# Feral hogs in Arlington Texas



## Bigdrowdy1 (Jan 29, 2010)

Well they are in Arlington Texas, home of Jerry World (Cowboys Stadium) it was on the news this morning showing where they are tearing up peoples city manicured lawns. Arlington is the center of the metroplex area between Ft Worth and Dallas. Stranger than this they had to trap an alligator in Arlington last week from a park lake. Could this all be a sign that Arlington is going GREEN!!! LOL Things maybe looking up for me here . WE have yotes ,racs,feral hogs and gators now we need to allow bows in town! Maybe!!


----------



## Cliffy (Mar 7, 2010)

We need some sort of positive control, primarily via gun control. Controlling a properly aimed rifle round would suffice. Using Green Ammo, which will work wonders does not mean bonded-bullets won't work better. Going Green does not mean people have to die, via sharp teeth and animalistic instincts to kill to survive. People are expanding into former wilds, and animals will fight back. Cliffy


----------



## ebbs (Feb 7, 2010)

Maybe the people should be allowed to start filing their teeth to a point and start going feral themselves?


----------



## youngdon (Mar 10, 2010)

I think that we already have some of that going on ebbs. Some people are animals.


----------



## ebbs (Feb 7, 2010)

youngdon said:


> I think that we already have some of that going on ebbs. Some people are animals.


LOL, I picked my wife (Brandi) up at the airport a week ago Monday. She flew in just in time to help out with our youth camp last week. Anyway, when I picked her up I took her to breakfast at IHOP and she proceeded to fill me in on how I've been letting myself "go." I haven't shaved in over 4 weeks now, since the last time I saw them and that coupled with my ear hair growth and eyebrows growing together gave her justification to tell me I was going "FERAL." In fact she fed me one of the funniest lines I've ever heard in my life when she called me a "feral human."

Chris Miller and I have decided that it'll be my newest nickname, Feral Ebbs or Feral Ebbinghaus. I feel it adds a new element of toughness to my name.


----------



## Bigdrowdy1 (Jan 29, 2010)

If this is so what will mini-u be called edds ?Mini Eddinghaus sounds like a small drink of some sorts or a real small critter from Bonanza !!! LOL


----------



## youngdon (Mar 10, 2010)

LOL probably better change out your avatar to the wolfman or something of that nature.


----------



## Bigdrowdy1 (Jan 29, 2010)

Ebbs you been away so long I got you mixed up with bar-d, oops I may owe both an appology and you to mini-u.
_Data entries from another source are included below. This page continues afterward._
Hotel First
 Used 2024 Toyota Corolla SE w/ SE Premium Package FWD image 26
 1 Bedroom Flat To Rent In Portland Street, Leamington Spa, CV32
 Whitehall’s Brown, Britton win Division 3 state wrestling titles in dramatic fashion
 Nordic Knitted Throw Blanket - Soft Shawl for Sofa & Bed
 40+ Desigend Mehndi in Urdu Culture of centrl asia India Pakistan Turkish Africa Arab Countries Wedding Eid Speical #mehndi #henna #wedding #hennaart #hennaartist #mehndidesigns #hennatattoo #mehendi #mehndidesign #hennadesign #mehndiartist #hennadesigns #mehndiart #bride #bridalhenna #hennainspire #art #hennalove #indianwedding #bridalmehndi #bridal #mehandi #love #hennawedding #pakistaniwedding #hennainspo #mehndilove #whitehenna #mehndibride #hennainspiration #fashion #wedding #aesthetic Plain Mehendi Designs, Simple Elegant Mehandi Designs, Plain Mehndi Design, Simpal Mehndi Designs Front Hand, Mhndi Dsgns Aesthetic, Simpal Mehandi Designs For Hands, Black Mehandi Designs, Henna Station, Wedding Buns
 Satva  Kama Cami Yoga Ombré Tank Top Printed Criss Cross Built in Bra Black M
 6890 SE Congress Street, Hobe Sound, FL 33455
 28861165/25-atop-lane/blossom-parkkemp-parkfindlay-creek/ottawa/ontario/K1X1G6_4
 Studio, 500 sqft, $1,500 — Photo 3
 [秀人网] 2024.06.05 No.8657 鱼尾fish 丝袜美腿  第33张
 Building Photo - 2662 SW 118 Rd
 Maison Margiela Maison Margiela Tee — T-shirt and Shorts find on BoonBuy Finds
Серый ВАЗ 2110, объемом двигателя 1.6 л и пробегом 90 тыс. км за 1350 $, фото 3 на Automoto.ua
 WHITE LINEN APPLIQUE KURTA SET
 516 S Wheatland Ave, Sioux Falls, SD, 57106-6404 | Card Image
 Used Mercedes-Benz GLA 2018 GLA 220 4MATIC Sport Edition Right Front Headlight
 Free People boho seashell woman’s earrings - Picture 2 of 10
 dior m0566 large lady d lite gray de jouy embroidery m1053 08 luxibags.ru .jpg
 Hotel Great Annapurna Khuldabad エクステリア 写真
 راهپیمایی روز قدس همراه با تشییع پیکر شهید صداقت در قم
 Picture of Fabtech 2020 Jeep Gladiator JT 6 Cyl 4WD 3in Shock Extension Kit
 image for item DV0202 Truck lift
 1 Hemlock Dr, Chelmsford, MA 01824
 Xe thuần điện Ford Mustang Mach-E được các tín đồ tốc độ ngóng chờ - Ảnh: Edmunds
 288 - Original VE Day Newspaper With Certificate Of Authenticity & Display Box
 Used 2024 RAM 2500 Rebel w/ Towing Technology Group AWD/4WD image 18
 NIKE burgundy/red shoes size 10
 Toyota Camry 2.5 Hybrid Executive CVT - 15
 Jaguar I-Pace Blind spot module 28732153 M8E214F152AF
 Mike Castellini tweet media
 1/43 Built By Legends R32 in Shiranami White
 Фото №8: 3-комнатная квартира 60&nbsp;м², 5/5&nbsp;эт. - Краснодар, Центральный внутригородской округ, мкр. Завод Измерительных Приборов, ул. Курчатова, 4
Glad your are back I will try and not make that mistake to you three again. I think I may need to hide that bottle for awhile.


----------



## AWMiller (Jul 22, 2010)

yups.... I'm in Mansfield (just south of Arlington) and seeing them hogs on walnut creek which runs off the south end of Joe Pool lake..... can see many spots where they have been bedding down....

can't wait for them folks in the fancy-dancy section of Cedar Hill to start having them hogs rut through their multi-million dollar properties! maybe they would pay me to help keep their properties near-hog-free!! (just gotta get passed that city law restricting the firing of guns within the city limits....)


----------



## Tommy (Jan 21, 2010)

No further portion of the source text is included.